3. Job maintained his integrity in spite of satanic attacks against his family and property (Job 2:3).
a. Oftentimes, many Christians fall away from God when tragedy or trials strike because their faith is superficial and not interwoven into the very fabric of their being.
4. Job didn’t allow the back-slidden state of his family to bring him down during his time of trial (Job 2:9-10).
a. Many allow those weaker in the faith to bring them down to their level of emotional and spiritual lack during times of testing.
5. Job didn’t allow sinful talk to come out of his mouth (Job 2:10).
a. During times of testing we must be very careful what we allow to come out of our mouths because our words can control the direction of our hearts and minds (James 3:1-6).
6. Job’s commitment to God transcended his physical life and the things of this world (Job 13:15).
a. Like Paul, he lived the crucified life (Galatians 2:20).
b. Many, like those spoken about in the parable of the sower and the seed (Mark 4), backslide because of the cares of this world, desires of this world and the lust for money and material things.
7. Job maintained his faith and ultimate hope in God to redeem and resurrect him on the last day (Job 19:25-27).
a. In spite of his emotional pain, his belief in the basic tenets of the faith remained unshaken.
8. Job didn’t allow the negative words of his friends to confuse and condemn him (Job 16:2-5).
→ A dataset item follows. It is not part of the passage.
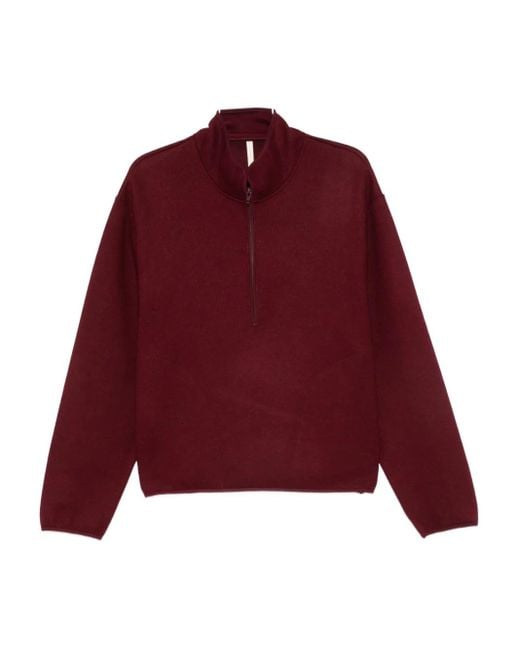 sunflower Red Mock-Neck Sweatshirt for men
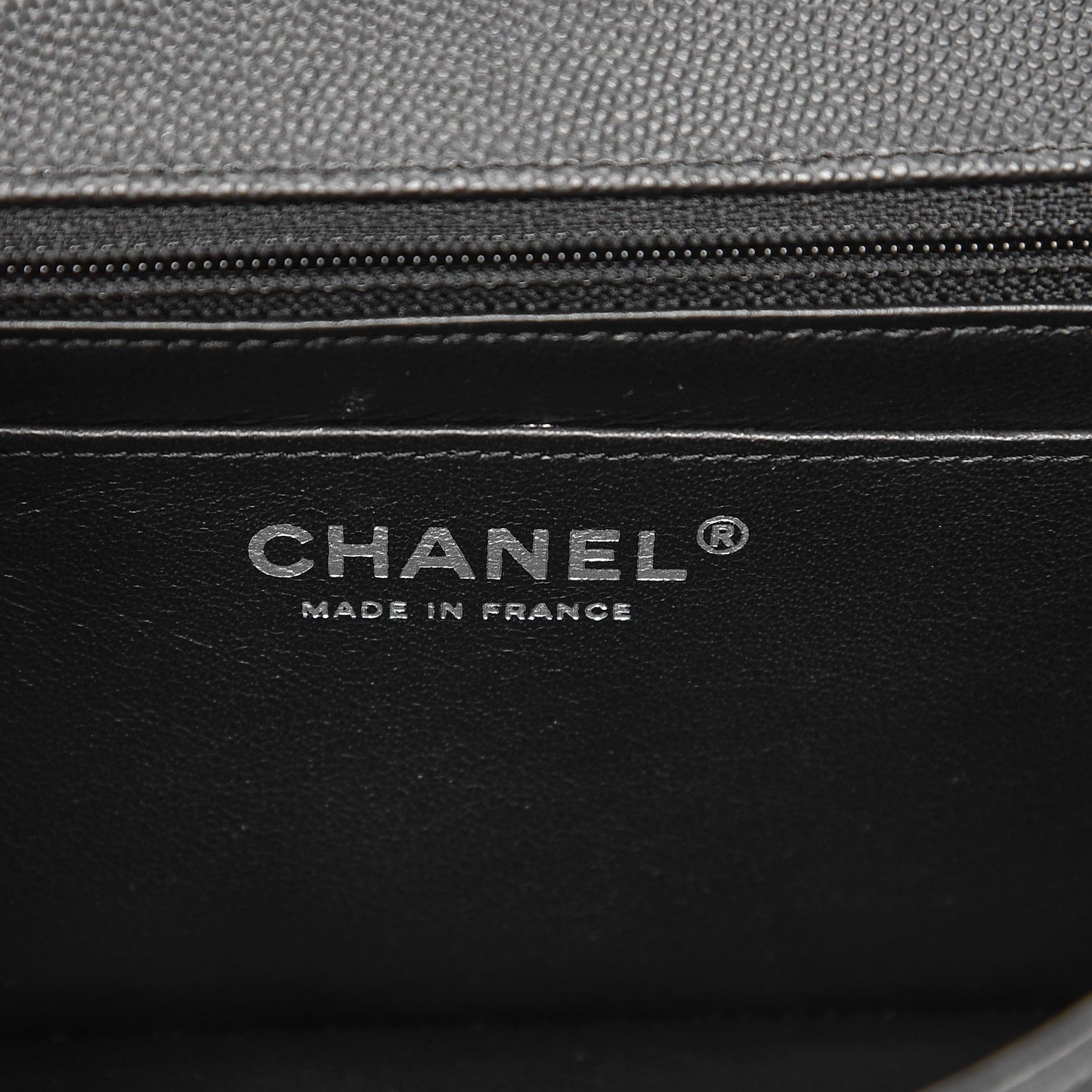 Caviar Quilted Mini Rectangular Flap Black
9. Job heard the voice of the Lord “out of the storm” (Job 38:1).
a. The storms in life are God’s way of showing us who we really are and what our true goals should be.
b. The storms in life provide a great opportunity to refocus your life and mission.
c. The storms in life are a great opportunity to allow God to speak to us.
10. Job stood up like a man (Job 40:7).
a. Even when tragedy strikes, men are called to continue to function in their role as leaders of their families and communities.
11. Job submitted himself to the wisdom of God’s sovereignty (Job 42:2).
a. Although God promises divine health, wealth, and an abundant life (1 Peter 2:24; John 10:10) there are times when things contrary to this happen and we must trust in God’s ultimate wisdom for allowing it.
b. In many instances, God allows certain things because of hidden sins, unbelief in His power, and numerous other issues that allow an open door to the enemy in our lives and families.
12. Job didn’t hold resentment against disloyal people around him and even prayed for them (Job 42:10).